Parsing a List of Lines in Bash
Parsing newline-delimited data records in bash is simple, if
you have this odd redirect up your sleeve.
Working on my current shell-script project, a scheduling utility driven
by the BSD calendar, I found myself needing to parse some input files
linewise. See, I had been reading in the event data files (one for each
record), translating newlines to tildes, and
cutting the resultant data string on tildes (since cut
doesn't like cutting on newlines, it would seem) to obtain my data fields.
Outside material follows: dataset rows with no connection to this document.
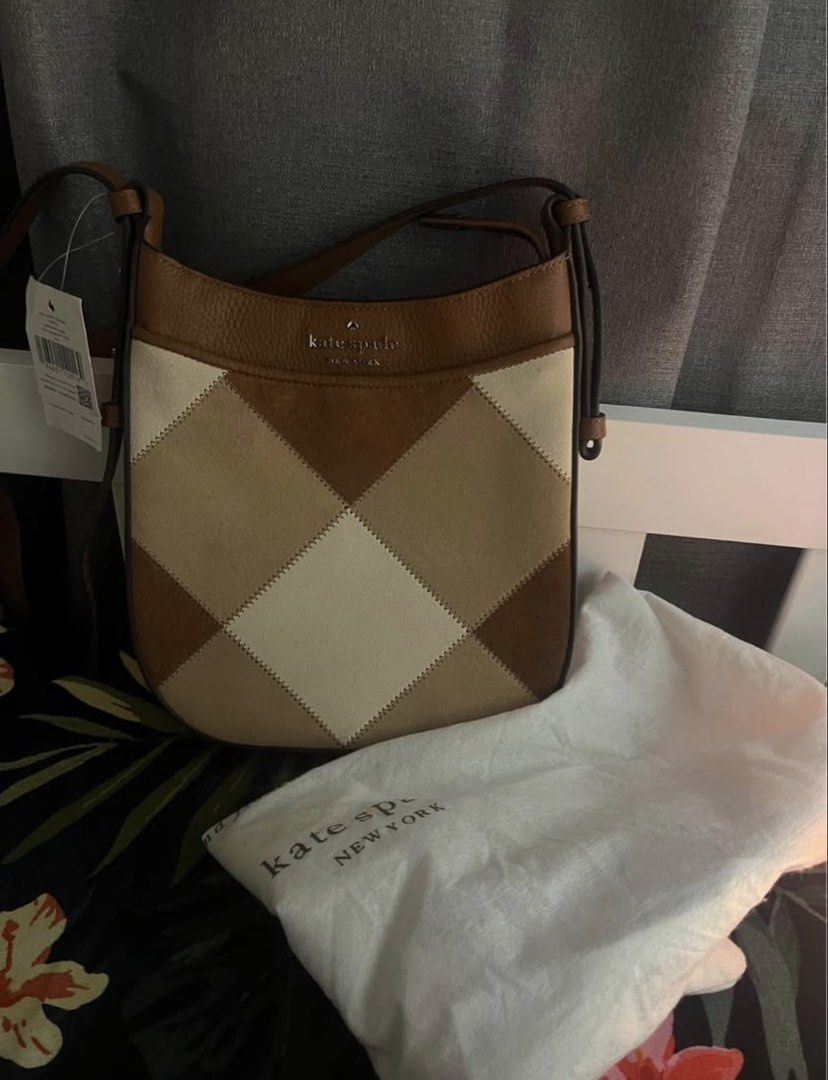 Kate Spade Patchwork Suede Leather Crossbody Bag (Category: Cross-body Bags) located in Andop. Submitted by nikiprelove55563 (Listing ID 1459516268, Image 2). Description: - Authentic Kate Spade crossbody bag - Stylish patchwork design with suede and leather - Neutral color palette: brown and cream - Comes with original dust bag - Adjustable strap for customized comfort - Ideal for everyday use.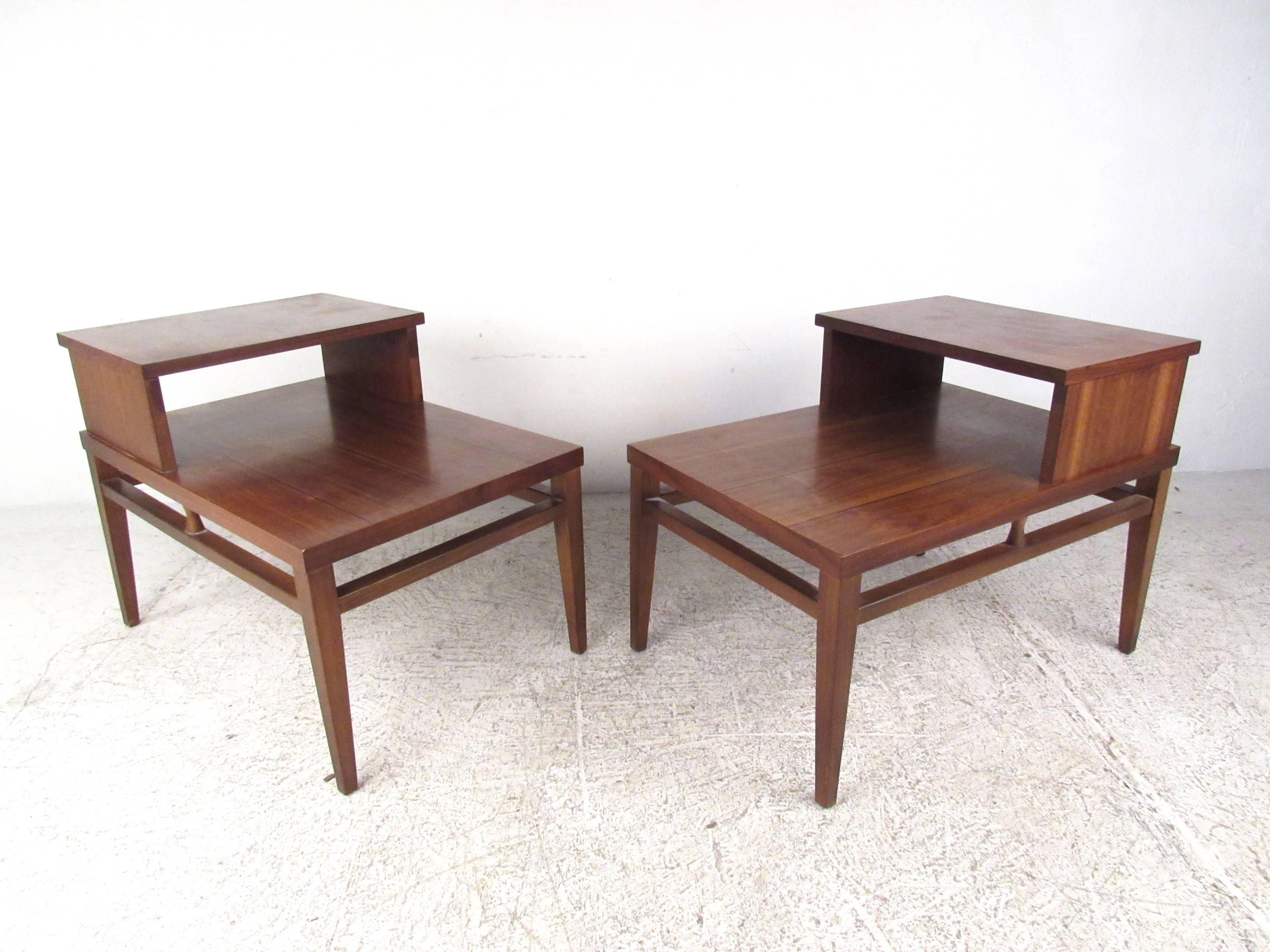 This vintage pair of end tables features stylish Mid-Century design with a beautiful walnut finish. Unique two-tier design with tapered legs and stretchers ensuring sturdiness. This handsome mid-century pair of nightstands work perfectly in any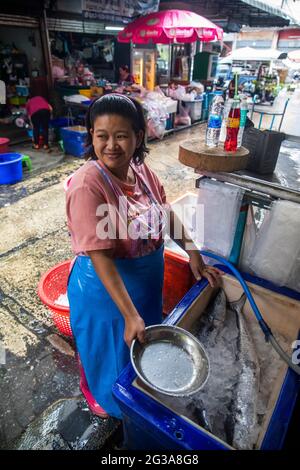 A woman in a Bangkok street market adds ice to a chest of keep fresh fish chilled. Stock Photo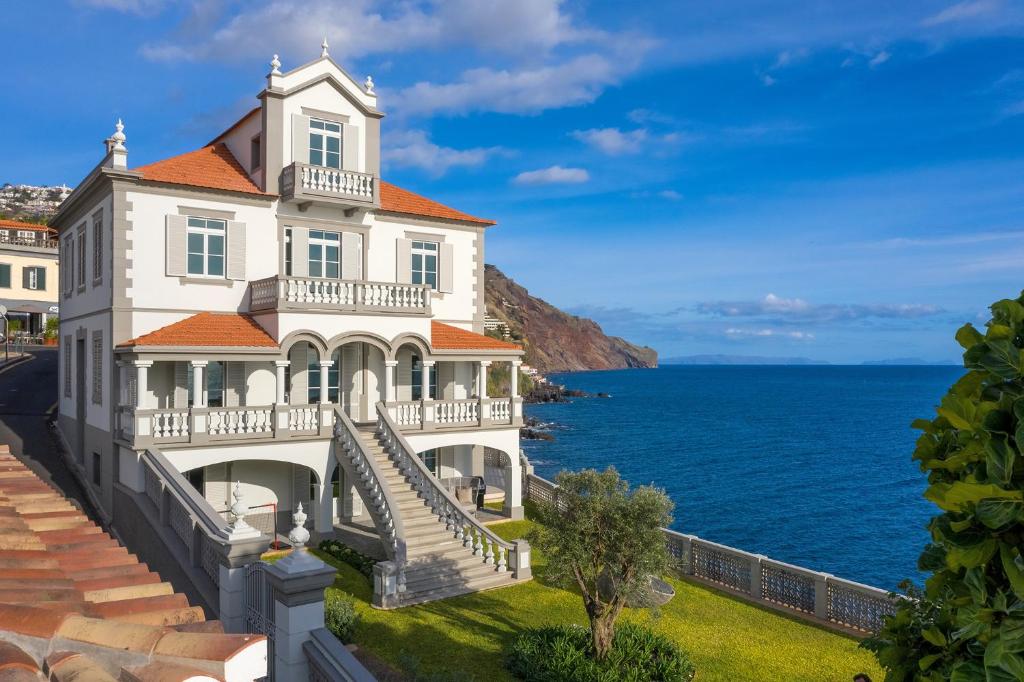 a large white house with a staircase leading to the ocean at Luxury Barreirinha House old town by HR MADEIRA in Funchal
However, this added up to almost a half a second of runtime per record. I mean,
I didn't expect bash to be the world's fastest string parser, but
sometimes enough is quite simply enough.
Okay, let me put in the code here so people don't lose themselves in the article, and I'll explain in a moment.
#!/bin/sh
#
# This shell script echoes individual lines from the file specified
#
# usage: . <scriptname> [file to parse]
#
while read line; do
echo $line
echo
done < $1
The magic here is in that last line: done < $1
Because of the odd mechanics of shell substitution and token parsing,
for line in $(cat $1); do . . . ; done won't work. You'd end
up executing the loop whenever you hit whitespace, whether it be space, tab,
or newline. What we need is some way to ensure that each line is passed as
a distinct entity through the loop.
That's what read is here for. read is a shell
built-in (in bash, anyway . . . I can't speak for
other shells) that takes a single line of STDIN and sets it to
the variable named as its argument, like so:
usage: read varname
But in a complex script, it can be difficult to track down where the
interpreter believes STDIN, STDOUT, and
STDERR are in the code path. In this case, if you try piping the
file in, like so:
cat $1 | while read line; do . . . ; done
or
while cat $1 read line; do . . . ; done
or even using a standard shell redirect, as:
while read line < $1; do . . . ; done
you'll be in for some highly-unpredictable output. It turns out that
STDIN for read can be accessed after the loop
controlled by it, simply by redirecting the the STDIN of the
entire loop to the desired file.
No, please don't ask me why! I don't think anyone knows why anything is
the way it is in bash. There are fundamental programmatic reasons
why it is necessary to sacrifice a goat at midnight to get your script to
run properly.
Oh, by the way. Skipping all the utility invocations I had been using before cut my parser runtime by nearly two thirds . . . and I only had to hack at it for an two hours!